Thus the eigenvectors of a scatter matrix form a base? Suppose I have a data set of $m$ vectors in $\mathbb{R}^d$, $D = \{x_1,\ldots,x_m\}$.
Let $S = \sum_{i=1}^{m}x_ix_i^T$ be the scatter matrix.
My question is: thus the eigenvectors of $S$ form a base to $\mathbb{R}^d$?
I know that if I have $d$ eigenvectors of $S$ with distinct eigenvalues, than those vectors are orthogonal to each other because $S$ is symmetric. Then, I know orthogonal vectors are independent of each other. Thus, if $S$ has $d$ eigenvectors with distinct eigenvalues, then those vectors are $d$ (= dimension of the space) independent vectors and thus form a base.
But, I don't sure that the eigenvectors of $S$ necessarily  form a base because maybe there are eigenvectors with same eigenvalues and thus not necessarily orthogonal to each other. Also, I don't sure if $S$ necessarily has $d$ eigenvectors, maybe can be less.
Can $S$ has non distinct eigenvalues?
Can $S$ has less than $d$ eigenvectors?
Elaboration on when the eigenvectors of $S$ form a base (maybe always or maybe under some conditions) will be helpful.
 A: Note that $S = \sum_{i=1}^m x_i x_i^T$ is symmetric. A fundamental property of symmetric matrices is the property of (orthogonal) diagonalizability which means that the eigenvectors of $S$ span $\mathbb{R}^d$. For reference see:
why symmetric matrices are diagonalizable?
I assume that $m < d$, so eigenvalue $0$ must have a multiplicity of at least $d - m$. This means that $S$ can have non-distinct eigenvalues (not only $\lambda = 0$ can be degenerate). 
You are right that eigenvectors with the same eigenvalues are not necessarily orthogonal to each other but the eigenspaces belonging to certain eigenvalues all have a orthogonal basis that can be acquired, for instance, through the Gram-Schmidt-process (meaning that the linearly independent eigenvectors belonging to the same eigenvalue can be chosen orthogonal).
So, to summarize, $S$ is diagonalizable, therefore it has $d$ linearly independent eigenvectors which do not necessarily have to belong to different eigenspaces (there can be non-distinct eigenvalues).
$S$ cannot have less than $d$ eigenvectors.
A: Question $1$ : Does the eigenvectors of a symmetric matrix form a basis for $\mathbb{R}^d$ ?   Yes.   Suppose you have two eigenvectors $v$ and $w$ corresponding to $\lambda$. Every vector in the span of $v$ and $w$ is also an eigenvector. $S(\alpha v + \beta w)=S(\alpha v ) + S(\beta w)=\alpha S(v) + \beta S(w)=\lambda (\alpha v + \beta w)$. Thus we can choose any two orthogonal vectors in the eigenspace corresponding to $\lambda$ and they will be eigenvectors. 
Question $2$ : Can $S$ have non-distinct eigenvalues ? Yes.
Question $3$ : Can $S$ have less than $d$ eigenvectors ? No. 
Every $d$ x $d$ real symmetric matrix, has $d$ real eigenvalues.
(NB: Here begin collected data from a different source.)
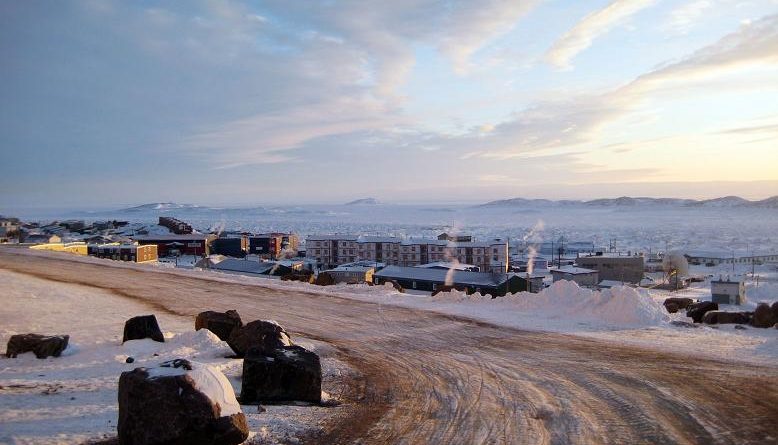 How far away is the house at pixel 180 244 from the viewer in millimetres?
75875

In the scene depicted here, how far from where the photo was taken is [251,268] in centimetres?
5050

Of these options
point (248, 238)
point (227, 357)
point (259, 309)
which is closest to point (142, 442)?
point (227, 357)

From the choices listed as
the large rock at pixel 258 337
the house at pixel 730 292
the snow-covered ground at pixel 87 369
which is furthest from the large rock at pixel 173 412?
the house at pixel 730 292

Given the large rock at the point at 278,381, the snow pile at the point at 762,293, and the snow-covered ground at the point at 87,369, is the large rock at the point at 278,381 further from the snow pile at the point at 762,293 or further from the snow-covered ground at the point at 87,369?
the snow pile at the point at 762,293

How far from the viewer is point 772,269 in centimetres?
7281

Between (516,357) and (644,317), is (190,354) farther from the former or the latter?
(644,317)

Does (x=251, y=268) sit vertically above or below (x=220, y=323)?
below

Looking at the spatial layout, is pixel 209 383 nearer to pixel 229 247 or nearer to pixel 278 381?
pixel 278 381

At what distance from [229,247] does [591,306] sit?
7134cm

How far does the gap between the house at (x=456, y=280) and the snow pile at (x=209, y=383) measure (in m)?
33.5

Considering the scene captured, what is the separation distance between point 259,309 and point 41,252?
91.3 ft

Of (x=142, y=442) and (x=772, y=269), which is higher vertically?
(x=142, y=442)

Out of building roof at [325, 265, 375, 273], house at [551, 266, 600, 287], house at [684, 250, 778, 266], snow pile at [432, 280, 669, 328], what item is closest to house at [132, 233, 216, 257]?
building roof at [325, 265, 375, 273]

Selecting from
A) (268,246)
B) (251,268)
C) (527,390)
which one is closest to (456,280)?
(251,268) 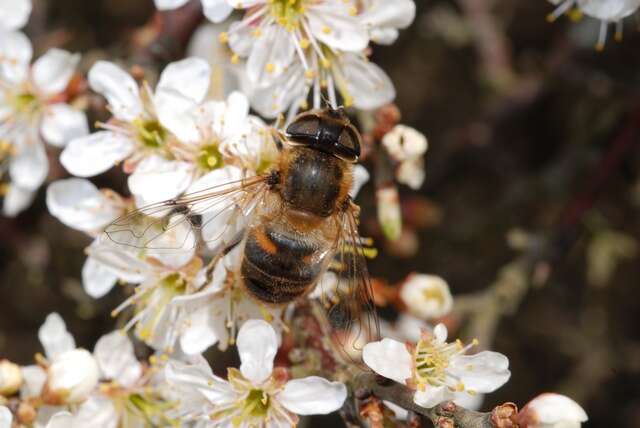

Since symmetric matrices are diagonalizable, for a given eigenvalue $\lambda$, the algebraic multiplicity (number of times it divides the characteristic polynomial) and geometric multiplicity (dimension of the space spanned by the corresponding eigenvectors) are equal, which implies that the sum of dimensions of eigenspaces of $S$ is $d$.